Ali Baham menyadari perjuangan Ujung Jurang Farm, layaknya UMKM lain, kerap mengenai modal juga pemasaran. Salah satu cara pemerintah dapat membantu pemasaran dengan membeli item UMKM. “Nanti kami dorong, dikarenakan pemerintah itu sanggup jadi pasar.”
Ketua Umum Papua Youth Creative Hub, Simon Tabuni, mengambil bagian bangga dengan prestasi yang tersebut diraih Ujung Jurang Farm. Di Papua Barat sebenarnya ada puluhan peternakan ayam petelur. “Tapi Ujung Jurang Farm punya putra asli Manokwari. Sebelumnya berbagai khalayak bilang kalau putra asli tidaklah akan mampu untuk hal-hal (usaha) seperti ini. Tapi toh pada saat ini berhasil dibuktikan,” ucap Simon.
Melalui video Zoom pemilik Ujung Jurang Farm John Mychael Dowansiba menerima penghargaan Tanah Air Entrepreneurs Challenge (IEC) yang mana diselenggarakan dalam Hotel Westin, Jakarta, pada Jumat, 18 Oktober 2024. Dok. Tempo
Ujung Jurang Farm milik John Mychael Dowansiba. Lahir ke Manokwari. pada waktu sekolah menengah pertama (SMP), diboyong ayahnya yang tersebut tugas ke Jakarta. Kuliah pun di ibu kota. Setelah lulus, terpaksa menolak tawaran bekerja dari sebuah stasiun televisi swasta nasional lantaran dipanggil penduduk tuanya untuk pulang kampung.
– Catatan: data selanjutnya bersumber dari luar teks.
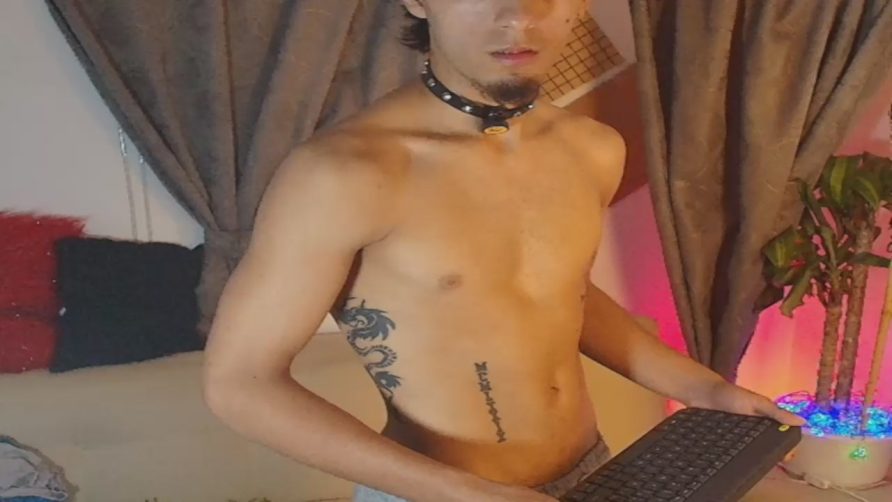 Chat Live with rosse_one on Cam4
Setelah sang ayah berpulang, pandemi wabah Covid-19 hadir pada Bumi Cenderawasih. Pasokan bervariasi komoditas dari pulau-pulau lain berubah jadi langka, salah satunya telur. Membuat biaya melonjak drastis. “Waktu itu satu rak (isi 30 butir) lebih tinggi dari 100 ribu rupiah, padahal tarif normal sekitar 50 ribu rupiah. Membuat saya berpikir, oh ada peluang,” cerita John melalui sambungan telepon terhadap Info Tempo.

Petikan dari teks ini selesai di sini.